Teaching AI to plan using language in a new open-source strategy game

September 06, 2019

Written byMichael Lewis, Denis Yarats and Hengyuan Hu

Written by

Michael Lewis, Denis Yarats and Hengyuan Hu

Share

When humans face a complex challenge, we create a plan composed of individual, related steps. Often, these plans are formed as natural language sentences. This approach enables us to achieve our goal and also adapt to new challenges, because we can leverage elements of previous plans to tackle new tasks, rather than starting from scratch each time.

Facebook AI has developed a new method of teaching AI to plan effectively, using natural language to break down complex problems into high-level plans and lower-level actions. Our system innovates by using two AI models — one that gives instructions in natural language and one that interprets and executes them — and it takes advantage of the structure in natural language in order to address unfamiliar tasks and situations. We’ve tested our approach using a new real-time strategy game called MiniRTSv2, and found it outperforms AI systems that simply try to directly imitate human gameplay.

We’re now sharing our results which will be presented at NeurIPS 2019 later this year, and open-sourcing MiniRTSv2 so other researchers can use it to build and test their own imitation and reinforcement learning systems.

Previously, the AI research community has found it challenging to bring this hierarchical decision-making process to AI systems. Doing so has meant that researchers had to manually specify how to break down a problem into macro-actions, which is difficult to scale and requires expertise. Alternatively, if the AI system has been trained to focus on the end task, it is likely to learn how to achieve success through a single composite action rather than a hierarchy of steps. Our work with MiniRTSv2 shows that a different natural language-based method can make progress against these challenges.

While this is foundational research, it suggests that by using language to represent plans, these systems can more efficiently generalize to a variety of tasks and adapt to new circumstances. We believe this can bring us closer to our long-term goal of building AI that can adapt and generalize in real-world settings.

Building MiniRTSv2, an open source, NLP-ready game environment

MiniRTSv2 is a streamlined strategy game designed specifically for AI research. In the game, a player commands archers, dragons, and other units in order to defeat an opponent.

In this sample MiniRTSv2 gameplay — recorded directly from the tool’s interface — all the instructions that appear below the map field are generated by an instructor model, while the corresponding in-game actions, such as building and attacking units, are carried out by a separate executor model.

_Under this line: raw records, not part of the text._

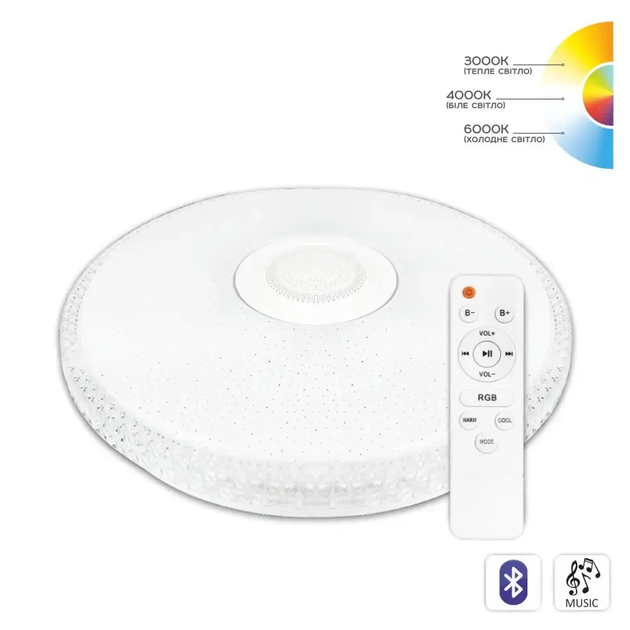 Світильник світлодіодний накладний Biom SMART Bluetooth-динамік з д/к 70W 3000-6000 К (SML-R47-70-M-RGB) - Фото 7 Світильник світлодіодний накладний Biom SMART Bluetooth-динамік з д/к 70W 3000-6000 К (SML-R47-70-M-RGB) - зображення 7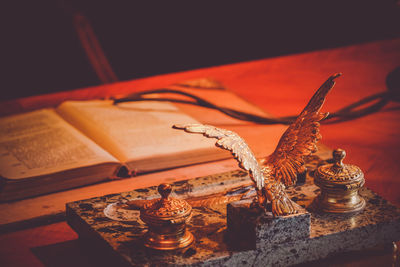 Close-up of lizard on table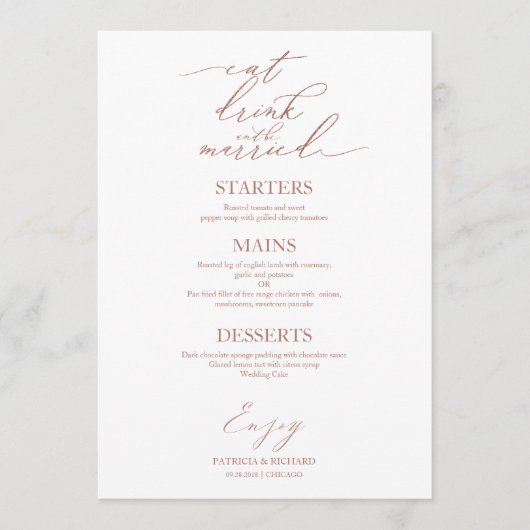 飲食べみ物とプレート結婚した用Beメニュー メニュー (正面)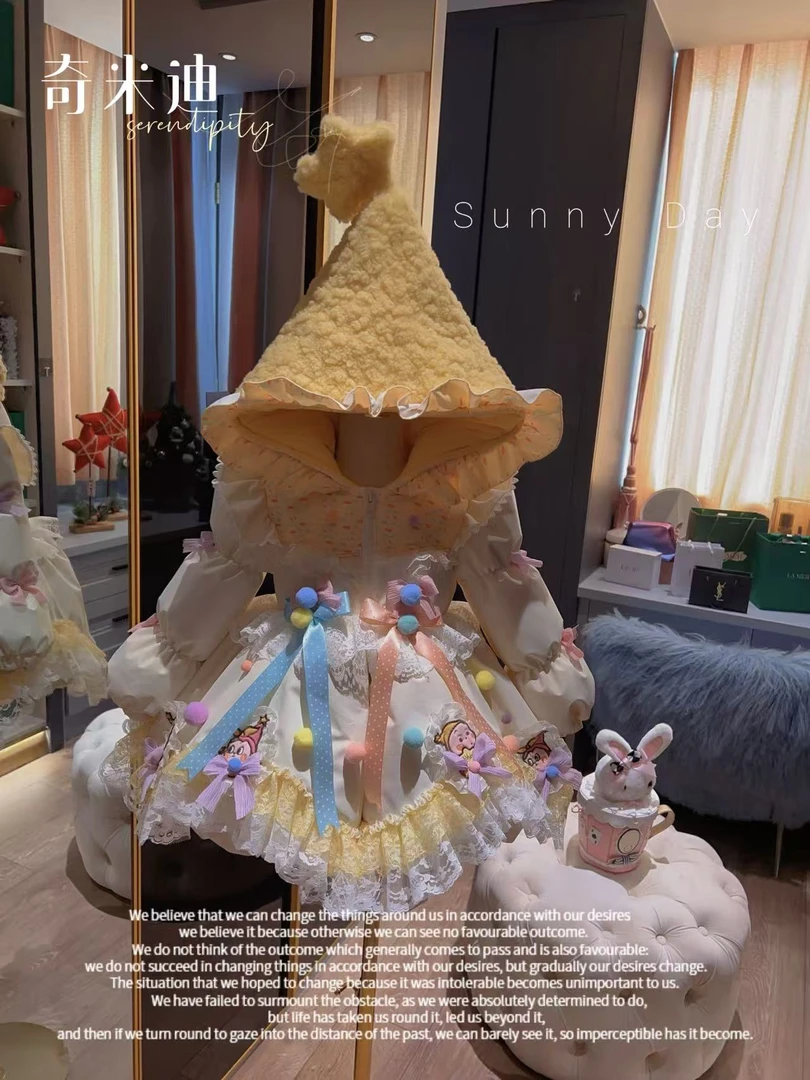 现货【星星人】奇米迪女童洛丽塔卡通可爱保暖加厚儿童羽绒服48499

Though MiniRTSv2 is intentionally simpler and easier to learn than commercial games such as DOTA 2 and StarCraft, it still allows for complex strategies that must account for large state and action spaces, imperfect information (areas of the map are hidden when friendly units aren’t nearby), and the need to adapt strategies to the opponent’s actions. Used as a training tool for AI, the game can help agents learn effective planning skills, whether through NLP-based techniques or other kinds of training, such as reinforcement and imitation learning.

Using language to generate high-level plans and assign low-level instructions

We used MiniRTSv2 to train AI agents to first express a high-level strategic plan as natural language instructions and then to act on that plan with the appropriate sequence of low-level actions in the game environment. This approach leverages natural language’s built-in benefits for learning to generalize to new tasks. Those include the expressive nature of language — different combinations of words can represent virtually any concept or action — as well as its compositional structure, which allows people to combine and rearrange words to create new sentences that others can then understand. We applied these features to the entire process of planning and execution, from the generation of strategy and instructions to the interface that bridges the different parts of the system’s hierarchical structure.

Our AI agent plays a real-time strategy game using two models. The instructor creates plans based on continually observing the game state and issues instructions in natural language to the executor. The executor grounds these instructions as actions, based on the current state of the game.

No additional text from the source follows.